Welcome, Breeders' Cup owners, trainers and fans. Welcome national and international media.
And, welcome to the sun, which took a break early in the week but, we hope, will shine through the daylight hours until the last race Saturday.
Many thanks are due to all those working to make this first-ever Breeders' Cup in the city where it was founded safe and successful.
Most importantly, thanks to Keeneland for taking on the enormous job of hosting the world's best Thoroughbreds and their human entourages. It's an honor but also a chore that's demanded over a year and a half of intense planning and preparation.
Thanks are also due to all those who have worked for decades to preserve both the tradition of racing at Keeneland and the beauty of the incomparable Bluegrass that surrounds it.
Although it is hard to imagine Lexington and Central Kentucky without racing and Keeneland, after a downtown track closed in 1933 there was no racing here.
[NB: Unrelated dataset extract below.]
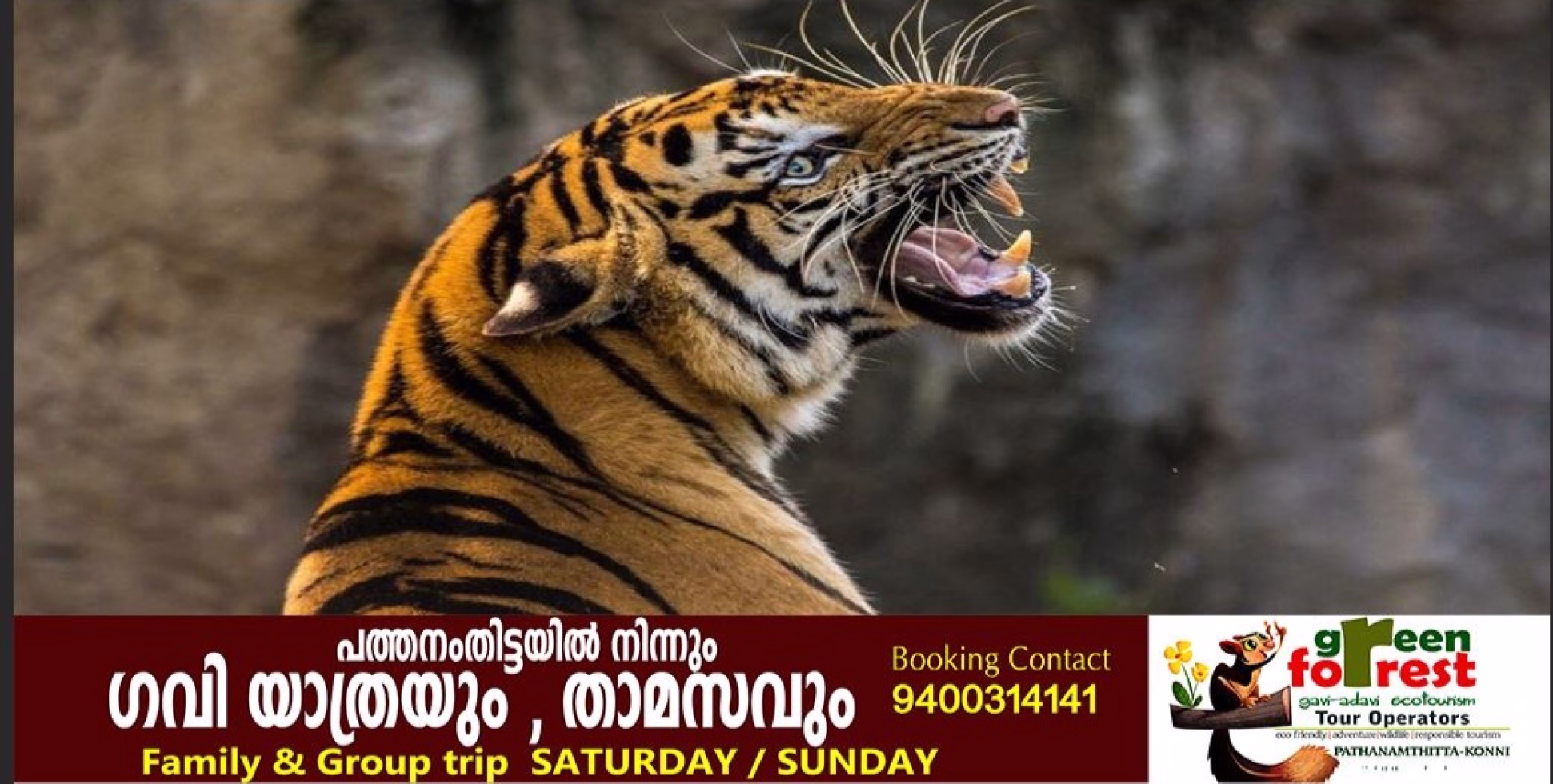 കോന്നി ഞള്ളൂരിൽ കടുവ ഇറങ്ങിയതായി അഭ്യൂഹം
A group of horsemen wanted to change that but their ambition wasn't just to open another track. They created a track to showcase Thoroughbreds, that returns earnings not to shareholders but, through purses, to the people who raise and race Thoroughbreds.
Keeneland opened in the fall of 1936 and has been enriching Lexington and the industry for over 75 years.
Visitors who fly into Blue Grass Airport across the road from Keeneland never fail to comment on the beautiful landscape that welcomes them, one that forward-thinking people had the vision to preserve.
Over a half century ago, in 1958, Lexington became the first city in the United States to define where urban services — like water and sewer — would be provided, with the intention of concentrating intense residential and commercial development in one area, preserving farmland around the urban core. It's thanks to this Urban Services Boundary that Keeneland is bordered by farms and not strip development.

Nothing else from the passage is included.